4. Os mártires que hoje são inscritos no álbum dos beatos comportaram-se como bons cristãos e, chegado o momento, não tiveram dúvidas em oferecer a própria vida bradando:  "Viva Cristo Rei!". Aos homens e às mulheres de hoje dizem em voz alta que todos somos chamados à santidade, todos, sem excepção, como declarou solenemente o Concílio Vaticano II, no seu documento mais importante, a constituição dogmática sobre a Igreja Lumen gentium, no capítulo V, com o título "Vocação universal à santidade na Igreja". Deus nos criou e redimiu para sermos santos! Não podemos contentar-nos com um cristianismo vivido sem calor.

A vida cristã não pode ser reduzida simplesmente a alguns actos individuais e isolados de piedade mas, ao contrário, deve envolver cada instante dos nossos dias sobre esta terra. Jesus Cristo deve estar presente no cumprimento fiel dos nossos deveres de vida diária, entrelaçados de pormenores aparentemente pequenos e sem relevância, mas que adquirem realce e grandeza sobrenatural quando são feitos por amor de Deus. Os mártires alcançaram o cimo da heroicidade através da batalha com que deram a vida por Cristo. A heroicidade à qual Deus nos chama é divisada nos múltiplos contrastes da nossa vida quotidiana. Devemos estar persuadidos de que a nossa santidade isto é, a santidade para a qual Deus nos chama, sem dúvida consiste em alcançar o que João Paulo II definiu o "nível alto da vida cristã ordinária" (Novo millennio ineunte, 31).

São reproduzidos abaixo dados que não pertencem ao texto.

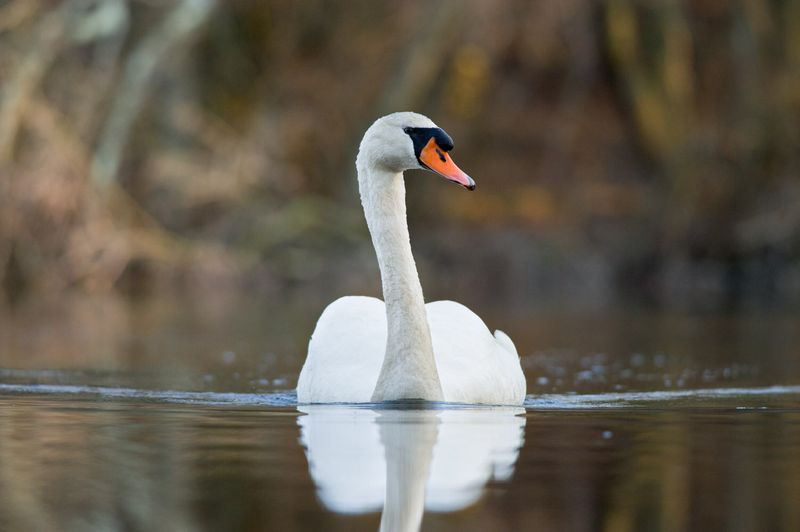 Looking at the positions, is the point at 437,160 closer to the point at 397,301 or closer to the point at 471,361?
the point at 397,301

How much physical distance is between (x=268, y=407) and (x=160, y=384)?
1.68 meters

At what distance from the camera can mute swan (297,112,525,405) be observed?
726 centimetres

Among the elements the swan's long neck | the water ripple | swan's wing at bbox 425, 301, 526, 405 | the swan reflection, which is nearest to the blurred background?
the water ripple

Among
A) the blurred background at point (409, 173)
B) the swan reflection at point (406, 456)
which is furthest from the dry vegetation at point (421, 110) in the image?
the swan reflection at point (406, 456)

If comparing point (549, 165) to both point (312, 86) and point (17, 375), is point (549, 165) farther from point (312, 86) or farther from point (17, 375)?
point (17, 375)

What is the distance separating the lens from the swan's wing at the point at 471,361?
7621 millimetres

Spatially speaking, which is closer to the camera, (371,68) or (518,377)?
(518,377)

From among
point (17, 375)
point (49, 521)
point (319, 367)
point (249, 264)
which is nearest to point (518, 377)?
point (319, 367)

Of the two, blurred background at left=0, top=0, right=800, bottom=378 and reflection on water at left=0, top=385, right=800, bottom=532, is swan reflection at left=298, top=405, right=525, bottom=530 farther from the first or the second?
blurred background at left=0, top=0, right=800, bottom=378

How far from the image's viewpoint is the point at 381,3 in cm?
2375

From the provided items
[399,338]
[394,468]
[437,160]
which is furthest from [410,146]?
[394,468]

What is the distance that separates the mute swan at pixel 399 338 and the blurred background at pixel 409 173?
9378 millimetres

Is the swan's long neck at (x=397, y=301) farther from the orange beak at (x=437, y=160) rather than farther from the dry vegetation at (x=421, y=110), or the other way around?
the dry vegetation at (x=421, y=110)

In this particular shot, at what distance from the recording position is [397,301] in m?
7.46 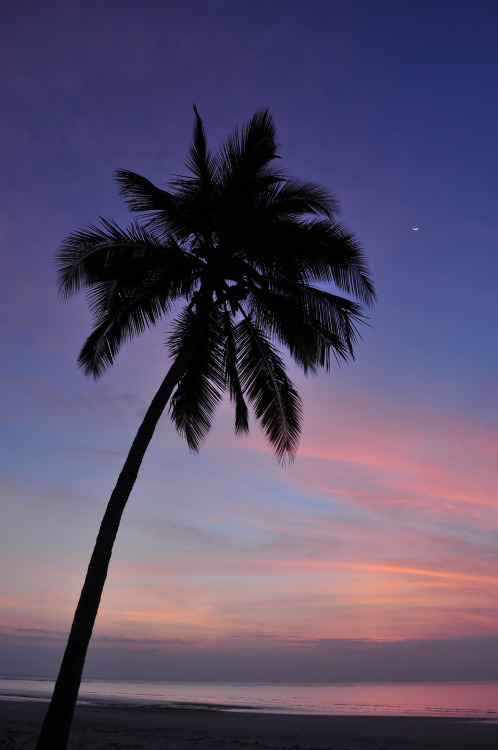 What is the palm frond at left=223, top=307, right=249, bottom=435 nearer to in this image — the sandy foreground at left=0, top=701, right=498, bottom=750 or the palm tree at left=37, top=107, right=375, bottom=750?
the palm tree at left=37, top=107, right=375, bottom=750

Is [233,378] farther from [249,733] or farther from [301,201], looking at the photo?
[249,733]

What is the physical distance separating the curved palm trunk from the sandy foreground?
4857 mm

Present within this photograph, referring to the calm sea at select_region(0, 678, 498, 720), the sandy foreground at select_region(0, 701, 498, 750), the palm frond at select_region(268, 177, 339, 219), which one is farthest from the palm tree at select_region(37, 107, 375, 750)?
the calm sea at select_region(0, 678, 498, 720)

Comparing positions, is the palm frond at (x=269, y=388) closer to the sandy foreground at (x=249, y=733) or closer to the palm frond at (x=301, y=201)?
the palm frond at (x=301, y=201)

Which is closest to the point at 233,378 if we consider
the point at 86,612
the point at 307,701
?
the point at 86,612

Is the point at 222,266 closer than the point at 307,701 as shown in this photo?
Yes

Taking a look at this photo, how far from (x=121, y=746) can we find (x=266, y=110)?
13.6 m

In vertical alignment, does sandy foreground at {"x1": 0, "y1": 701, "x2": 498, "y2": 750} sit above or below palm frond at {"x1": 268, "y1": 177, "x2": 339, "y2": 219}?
below

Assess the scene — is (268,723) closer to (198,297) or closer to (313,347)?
(313,347)

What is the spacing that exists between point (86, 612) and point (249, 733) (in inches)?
477

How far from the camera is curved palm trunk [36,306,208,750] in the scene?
6820 mm

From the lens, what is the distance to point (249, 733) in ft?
55.0

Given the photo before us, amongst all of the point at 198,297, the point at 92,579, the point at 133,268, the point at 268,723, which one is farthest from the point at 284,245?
the point at 268,723

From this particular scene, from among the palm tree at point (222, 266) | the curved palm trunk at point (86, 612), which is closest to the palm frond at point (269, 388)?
the palm tree at point (222, 266) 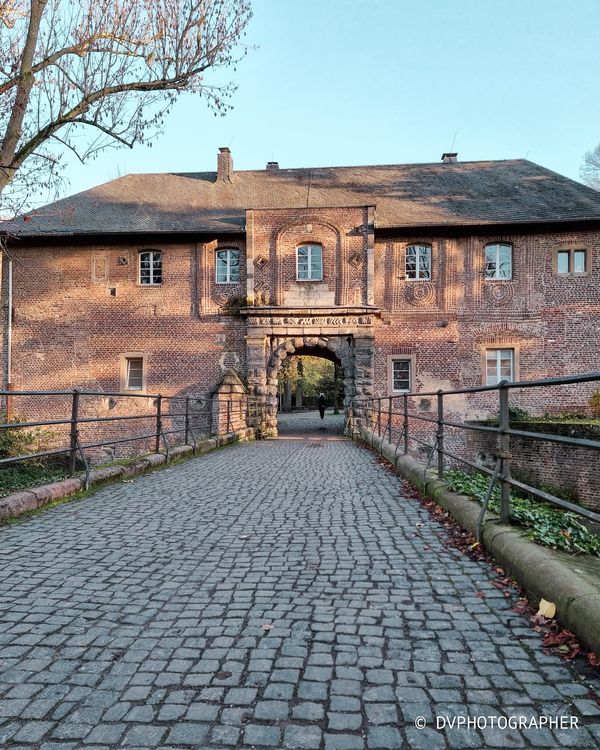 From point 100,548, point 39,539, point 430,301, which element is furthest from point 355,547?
point 430,301

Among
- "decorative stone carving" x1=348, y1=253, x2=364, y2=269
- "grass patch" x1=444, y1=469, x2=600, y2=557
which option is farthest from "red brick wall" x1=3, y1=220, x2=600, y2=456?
"grass patch" x1=444, y1=469, x2=600, y2=557

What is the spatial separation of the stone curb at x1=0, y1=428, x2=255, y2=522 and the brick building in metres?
8.47

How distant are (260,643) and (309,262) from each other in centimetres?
1675

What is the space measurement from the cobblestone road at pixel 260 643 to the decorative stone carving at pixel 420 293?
14.4 m

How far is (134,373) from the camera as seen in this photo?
62.7 feet

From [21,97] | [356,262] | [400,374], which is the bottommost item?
[400,374]

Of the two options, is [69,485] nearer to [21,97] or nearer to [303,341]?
[21,97]

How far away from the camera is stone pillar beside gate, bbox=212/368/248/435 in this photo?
15914 mm

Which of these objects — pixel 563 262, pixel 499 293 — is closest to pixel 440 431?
pixel 499 293

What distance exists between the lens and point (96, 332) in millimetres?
18984

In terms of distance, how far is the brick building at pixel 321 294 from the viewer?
17.7 m

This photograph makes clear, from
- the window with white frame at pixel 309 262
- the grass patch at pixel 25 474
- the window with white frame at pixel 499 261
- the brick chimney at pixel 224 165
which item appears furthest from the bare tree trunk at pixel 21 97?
the window with white frame at pixel 499 261

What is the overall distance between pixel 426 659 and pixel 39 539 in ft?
11.0

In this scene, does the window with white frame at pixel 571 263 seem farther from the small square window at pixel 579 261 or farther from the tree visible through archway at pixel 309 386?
the tree visible through archway at pixel 309 386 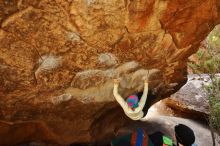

A mensagem dos mártires é de fé e amor. Devemos submeter-nos a um corajoso exame de consciência e programar propósitos, para que esta fé e este amor se manifestem heroicamente na nossa vida.

Heroicidade da fé e do amor no nosso agir de pessoas inseridas na história, como o fermento que dá a justa levitação.

A fé, diz-nos Bento XVI, contribui para purificar a razão, pois ajuda a entender a verdade (cf. Deus caritas est, 28-29). Portanto, ser cristãos coerentes impõe que não nos inibamos diante do dever, que demos o nosso contributo para o bem comum e modelemos a sociedade sempre de acordo com a justiça, defendendo num diálogo forjado pela caridade as nossas convicções sobre a dignidade da pessoa, sobre a vida, desde a concepção até à morte natural, sobre a família fundada na união matrimonial única e indissolúvel entre um homem e uma mulher, sobre o direito e dever primário dos pais à educação dos filhos e sobre outras questões que nascem da experiência quotidiana da sociedade na qual vivemos.

Concluamos, unidos ao Santo Padre Bento XVI e à Igreja universal, que se encontra nos cinco continentes, invocando a intercessão dos mártires hoje beatificados e dirigindo-nos com confiança a Nossa Senhora, Rainha dos mártires, para que, inflamados por um vivo desejo de santidade sigamos o seu exemplo.